Safety has become an increasing concern in the ayahuasca community. At the end of August, The Guardian reported that a 19-year-old British backpacker died after taking a fatal dose of yagé and scopolamine in a ceremony in the Colombian jungle four years ago. Last year, a 24-year-old New Zealand native went into cardiac arrest and died after taking ayahuasca at a retreat in Iquitos, Peru. His was the fifth ayahuasca-related fatality in that region of Peru since 2015.  And sometimes it’s not just the drug itself that brings risks. This past April, a tourist was lynched by a mob in Peru after being accused of killing a revered shaman during a ayahuasca ceremony.

But in an age where self-discovery efforts abound and meditation and mindfulness efforts have grown almost banal, using Ayahuasca has become a sort of trendy subculture: the next new high. 

Ayahuasca’s growing appeal has also penetrated one of the country’s most well-known counter-cultural, psychedelic-friendly events: Burning Man. One recent Burning Man attendee, a 35-year-old man from London I’ll call Brit (not his real name), said he recently traveled to Peru on an ayahuasca retreat with intentions to “unblock something” hindering growth in his life. He’d previously experimented with DMT (dimethyltryptamine), a major psychoactive substance found in ayahuasca, which is categorized as an illegal psychedelic substance in both the U.S. and the U.K.

While Brit likens other psychedelics to “picking up a comic book,” he said his experience with ayahuasca was “like walking into an incredible, 4-D rendition of a realistic computer game.” Its effects were so powerful, Brit claimed, that he was able to talk with his deceased parents while under its influence. “Ayahuasca showed me that we’re all connected. I could feel everybody that I knew and loved.”   

However, Brit acknowledged that he had been apprehensive about going to Peru on an ayahuasca quest after hearing about others’ experiences. So, to prepare his mind in the weeks leading up to his trip, he abstained from Internet and television, and, while at the retreat, journaled his thoughts about his experiences. And to moderate his intake, Brit chose to drink ayahuasca just two times during his nine-day Iquitos retreat, which offered four ceremonies.

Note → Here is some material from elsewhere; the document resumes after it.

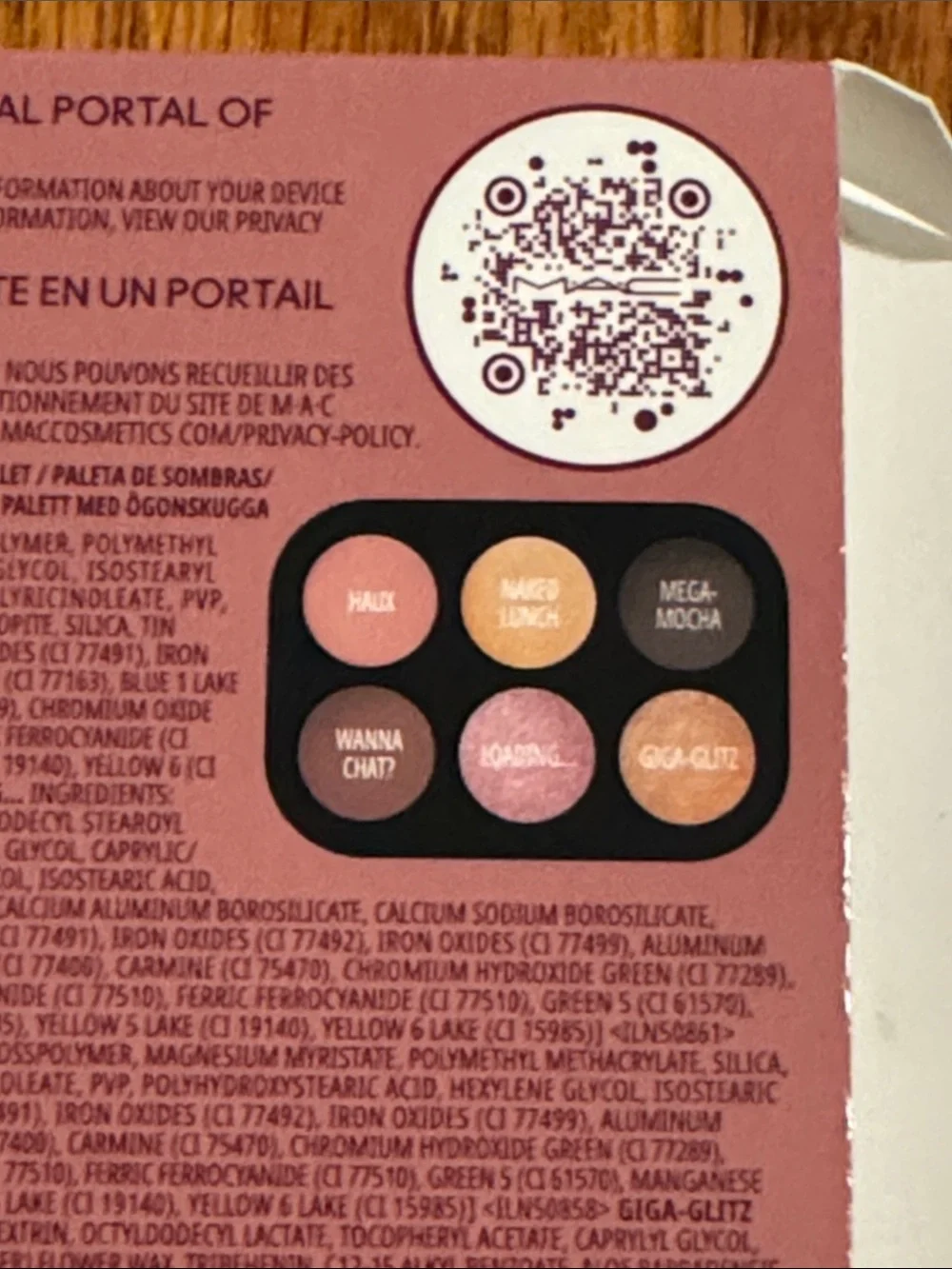 MAC Cosmetics embedded burgundy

This kind of preparation is a good idea, according to Kilham. He recommends plotting a kind of a mental and emotional roadmap prior to embarking on any ayahuasca experience—much like planning a route and destination for any real-world trip. Preemptively organizing one’s thoughts through writing or meditation can help the mind once it falls under the drug’s influence, he said. “Setting that intent does set direction.”

Another key point for any prospective ayahuasca tourist to understand: the detox from the drug makes a hangover look inviting. Known by some natives as “La Purga,” the aftereffects of ayahuasca include severe vomiting, diarrhea, crying, or laughing. According to Kilham, this often painful purging isn’t merely an unfortunate side-effect, but a key, cathartic aspect of the overall experience.

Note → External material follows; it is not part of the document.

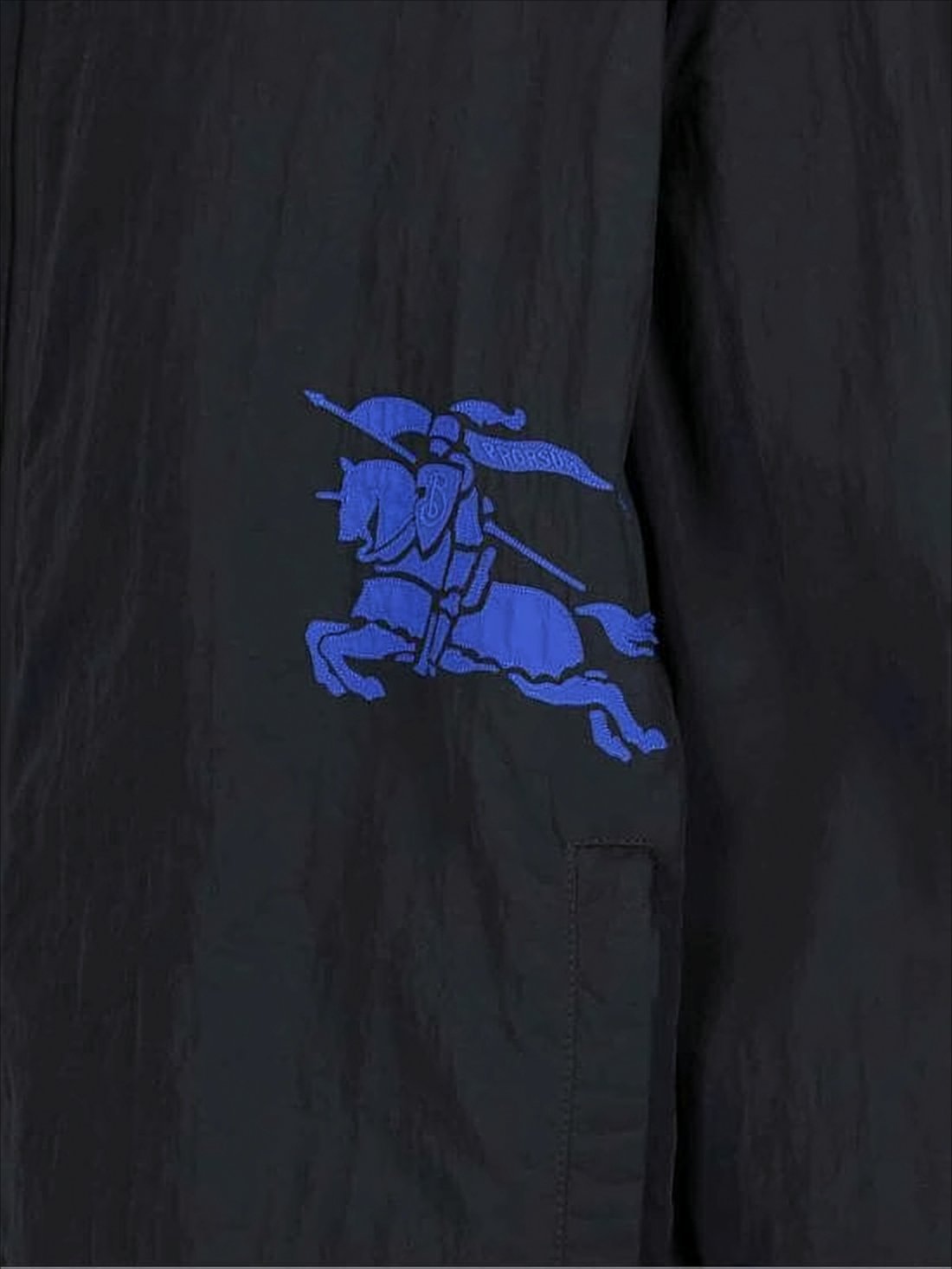 Lightweight Nylon Jacket with Attached Hood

“You purge mentally, emotionally, physically, and lots of different ways,” Kilham explained. “You might be sitting there feeling perfectly fine, but tears are streaming down your face. And if you look into the biochemistry of tears, you’ll discover that they are extremely rich in stress hormones. …It’s all part of not just cleansing the way we tend to think of it, but a deeper and more profound mental, emotional physical cleansing.”

Still, Kilham emphasized that there is only so much preparation one can do for the powerful emotional flashbacks and intense physical reactions that are induced once you are immersed in the world of ayahuasca.  

“You can’t know ayahuasca until you drink it. You can’t know what that experience is going to like.” Kilham said. “It might be easy, and it might be scary.”